The next step is to express the sentences in our dataset as vectors in a an `n` dimensional space where `n` is the size of the vocabulary. 

For example, let us express the first sentence in the dataset as a vector:

\begin{array}{|l|l|l|}
\hline
vocabulary & Hello, \thinspace I \thinspace am \thinspace a  \thinspace human & Hello,\thinspace I\thinspace have \thinspace to \thinspace leave \\ \hline
Hello    & 1                     & 1                        \\ \hline
I        & 1                     & 1                        \\ \hline
am       & 1                     & 0                        \\ \hline
a        & 1                     & 0                        \\ \hline
human    & 1                     & 0                        \\ \hline
farewell & 0                     & 0                        \\ \hline
have     & 0                     & 1                        \\ \hline
to       & 0                     & 1                        \\ \hline
leave    & 0                     & 1                        \\ \hline
\end{array}

And in our case we use the ` CountVectorizer`, which builds a dictionary of features and transforms documents to feature vectors which can be "read" by a model. 

In [24]:
from sklearn.feature_extraction.text import CountVectorizer
count_vect = CountVectorizer()

## We'll now express all of the sentences in the dataset in form of vectors in a `len(vocabulary)` dimensional space

A shape of `(a,b)` below means there are a total of `a` vectors (i.e sentences) in the dataset with all of them expressed in a "vocabulary space" of `b` dimensions.

The example below has 1663 sentences each represented as a vector in a "vocabulary space" of 27829 dimensions

In [25]:
X_train_counts = count_vect.fit_transform(twenty_train.data)
X_train_counts.shape

(1776, 31121)

In [26]:
len(count_vect.vocabulary_)

31121

## Transforming the count matrix to a normalised tf-idf representation

**tf-idf** means **term-frequency** times **inverse document-frequency**

The goal of using tf-idf instead of the raw frequencies of occurrence of a token in a given document is to scale down the impact of tokens that occur very frequently in a given corpus and that are hence empirically less informative. 

In [27]:
from sklearn.feature_extraction.text import TfidfTransformer

In [28]:
tfidf_transformer = TfidfTransformer()
X_train_tfidf = tfidf_transformer.fit_transform(X_train_counts)
X_train_tfidf.shape

(1776, 31121)

## Training the classifier with `MultinomialNB`

Try and recall bayes theorem from class 12 first. 

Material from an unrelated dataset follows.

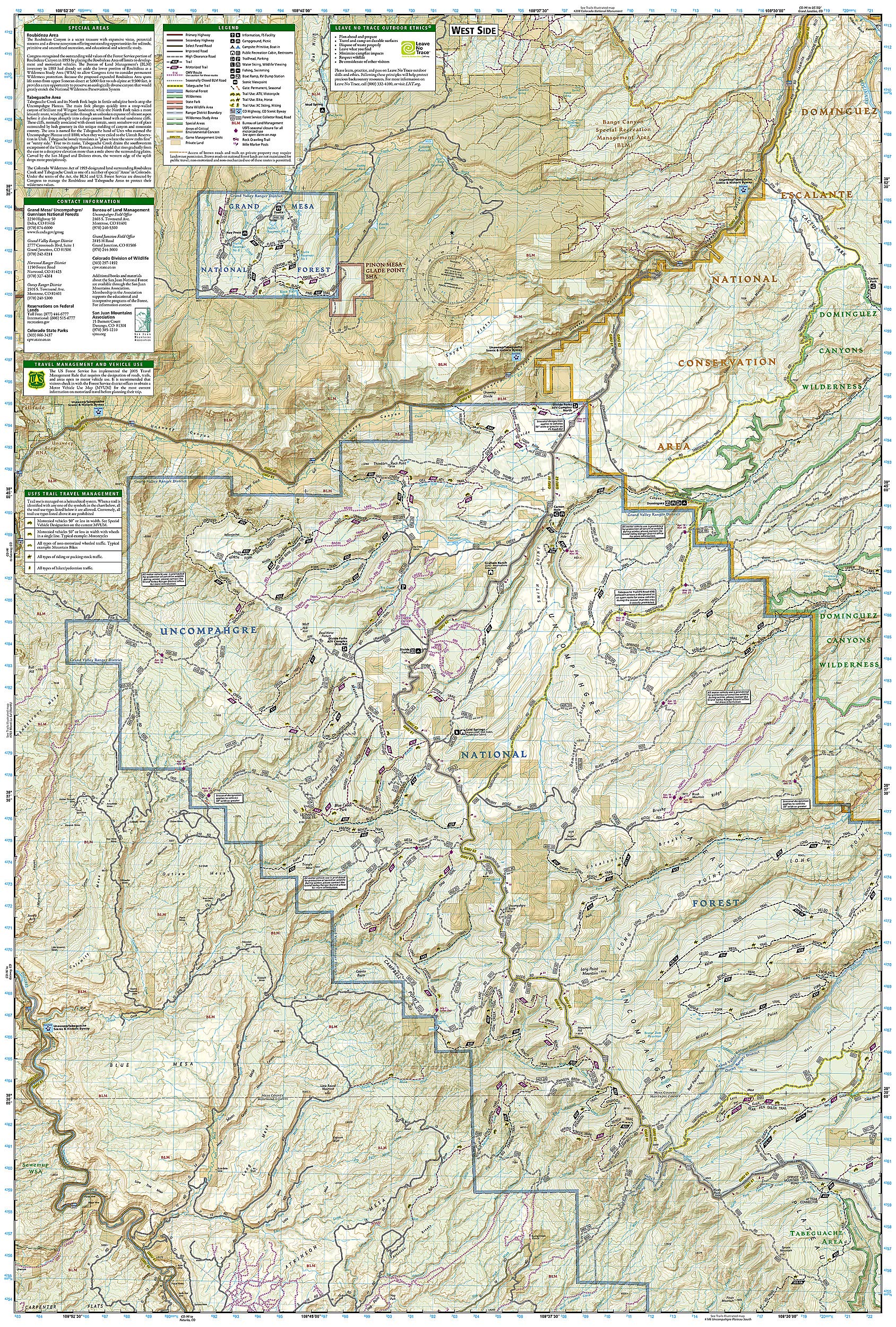 Uncompahgre Plateau North Map [Uncompahgre National Forest] (National Geographic Trails Illustrated Map, 147)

Naive Bayes classifiers assume that the value of a particular feature is independent of the value of any other feature. 

For example, a fruit may be considered to be an orange if it is orange, round, and about 10 cm in diameter. 

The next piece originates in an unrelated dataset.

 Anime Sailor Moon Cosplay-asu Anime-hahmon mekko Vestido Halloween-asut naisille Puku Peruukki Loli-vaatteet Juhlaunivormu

A naive Bayes classifier considers each of these features to contribute independently to the probability that this fruit is an orange, regardless of any possible correlations between the color, roundness, and diameter features. Which is kind of equivalent to a super shallow neural network (I might be wrong). 


In [29]:
from sklearn.naive_bayes import MultinomialNB
clf = MultinomialNB().fit(X_train_tfidf, twenty_train.target)

In [34]:
docs_new = [
            'what if the moon is flat', 
            "By the pope!",
            "You picked the wrong house fool !",  
            "All we had to do, was follow the damn train, CJ!" 
            ]

X_new_counts = count_vect.transform(docs_new)
X_new_tfidf = tfidf_transformer.transform(X_new_counts)

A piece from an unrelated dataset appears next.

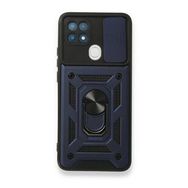 Oppo A15 Pars Lens Yüzüklü Silikon Lacivert Kılıf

predicted = clf.predict(X_new_tfidf)

for doc, category in zip(docs_new, predicted):
    print('%r => %s' % (doc, twenty_train.target_names[category]))



'what if the moon is flat' => sci.space
'By the pope!' => soc.religion.christian
'You picked the wrong house fool !' => soc.religion.christian
'All we had to do, was follow the damn train, CJ!' => soc.religion.christian


The model is definitely **not** the best you'll find, but it works on simple sentences.